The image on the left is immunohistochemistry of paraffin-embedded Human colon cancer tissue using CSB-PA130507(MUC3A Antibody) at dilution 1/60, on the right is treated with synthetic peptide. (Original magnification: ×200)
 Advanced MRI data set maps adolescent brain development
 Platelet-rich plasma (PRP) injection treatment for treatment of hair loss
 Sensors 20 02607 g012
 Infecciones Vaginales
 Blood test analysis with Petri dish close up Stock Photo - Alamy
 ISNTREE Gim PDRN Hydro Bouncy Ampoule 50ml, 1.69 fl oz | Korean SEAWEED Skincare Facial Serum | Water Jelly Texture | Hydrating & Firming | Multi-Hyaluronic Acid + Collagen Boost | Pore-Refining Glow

▸ ACTIVITY
Bring together each line above where the string "with" turns up.

▸ RESPONSE AREA
The image on the left is immunohistochemistry of paraffin-embedded Human colon cancer tissue using CSB-PA130507(MUC3A Antibody) at dilution 1/60, on the right is treated with synthetic peptide. (Original magnification: ×200)
 Blood test analysis with Petri dish close up Stock Photo - Alamy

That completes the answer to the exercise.